DARPA wraps up air-breathing hypersonic program, plans follow-on for hypersonic cruise missiles

Plans are in the works for a follow-on effort, which could include building and flying more air vehicles to help mature the technology.
Artist's rendering of a hypersomic air-breathing weapon. (Image courtesy of DARPA)

The Pentagon’s Defense Advanced Research Projects Agency has completed the final test flight for its Hypersonic Air-breathing Weapons Concept (HAWC) program, DARPA announced on Monday. But plans are in the works for a follow-on effort.

Two industry teams — one led by Lockheed Martin and one led by Raytheon — have been working on HAWC efforts for several years, with the aim of furthering hypersonic “air-breathing” cruise missile technology. The U.S. military is looking for new quick-strike capabilities that can hit time-sensitive or heavily defended targets, and the Pentagon research-and-development community has been working with industry to mature the cutting-edge tech.

The Department of Defense is keen on acquiring hypersonic cruise missiles because they are expected to be less expensive and more compact than some of the boost-glide systems that the U.S. military is pursuing. Their smaller size and lower price tag could make them more affordable to buy in larger quantities and allow them to be integrated into a broader range of platforms such as fighter jets.

The final HAWC flight test earlier this month involved a Lockheed Martin variant that was propelled with an Aerojet Rocketdyne scramjet, according to DARPA. An agency press release announcing the event and the conclusion of the program did not disclose where the final test occurred.

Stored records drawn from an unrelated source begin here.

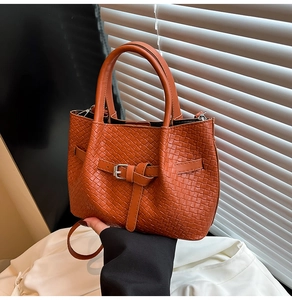Detailed view of an orange woven leather handbag with metallic buckle and sturdy top handles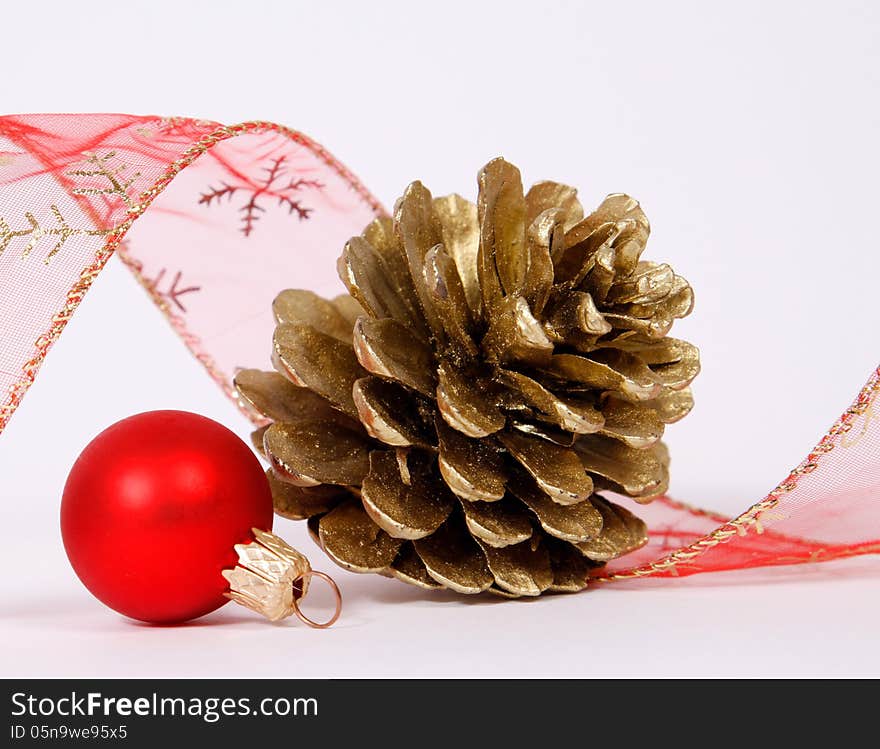 Bauble and cone with the ribbon on the white background. Bauble and cone with the ribbon on the white background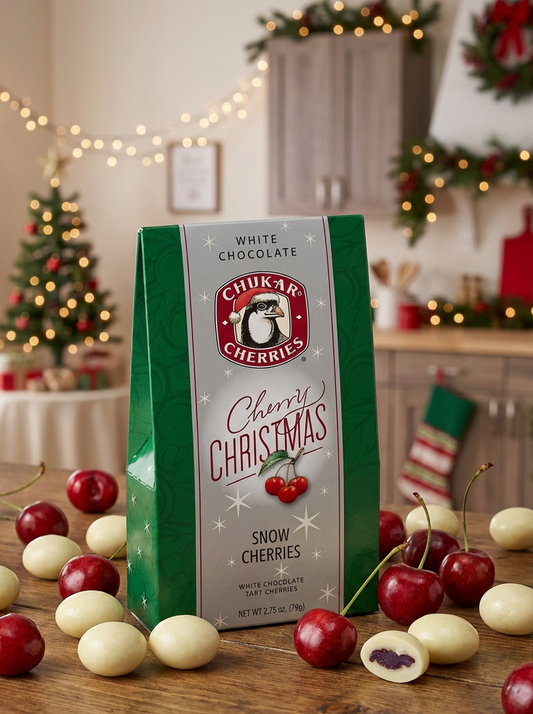 Box of Chilkat Cherries Christmas Snow Cherries with white and red cherries on a festive background.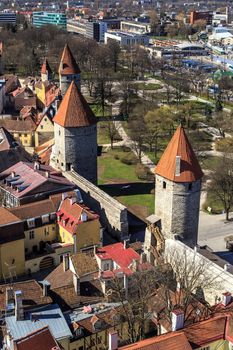 TALLINN, ESTONIA - APRIL 25, 2015 : Top view of Tallinn with high fortresses, cityscape with towers and parks.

The missile flew more than 300 nautical missiles, reached altitudes greater than 60,000 feet, and achieved hypersonic speeds above Mach 5. The system demonstrated “improved capabilities and performance,” according to DARPA.

The event “capped a program that accomplished all of its initial objectives. It was the final flight test for HAWC, which is providing critical data to inform Air Force Research Laboratory (AFRL) hypersonic technology maturation efforts,” per the release.

DARPA had also been flight testing a Raytheon missile propelled by a Northrop Grumman scramjet.

“The nation’s hypersonic portfolio now has two feasible hypersonic airbreathing missile designs (Lockheed Martin and Raytheon) to improve and mature in the future,” per the DARPA release.

In a statement, HAWC program manager Andrew “Tippy” Knoedler said the project “brought a wealth of data and progress to the airbreathing hypersonic community.”


Information gleaned and lessons learned are expected to be applied to other Pentagon programs.

The release did not mention specific Air Force efforts that might be formed by the recently concluded program, but AFRL recently awarded an IDIQ research-and-development contract, worth up to $334 million, to Leidos for its Mayhem project, which will also focus on advancing air-breathing hypersonics capabilities.

Additionally, the tech developed by Raytheon and Northrop Grumman for the HAWC program could transition into the Air Force’s Hypersonic Attack Cruise Missile (HACM) program. In September, the Defense Department announced that Raytheon had been awarded a $985 million contract to develop the weapon.

However, the completion of the HAWC project doesn’t spell the end of DARPA’s hypersonic cruise missile efforts. Plans for a follow-on initiative, called the More Opportunities with HAWC (MOHAWC) program, include building and flying more air vehicles to help mature the technology.

“Those missiles will expand the operating envelope of the scramjet and provide technology on-ramps for future programs of record,” the agency said.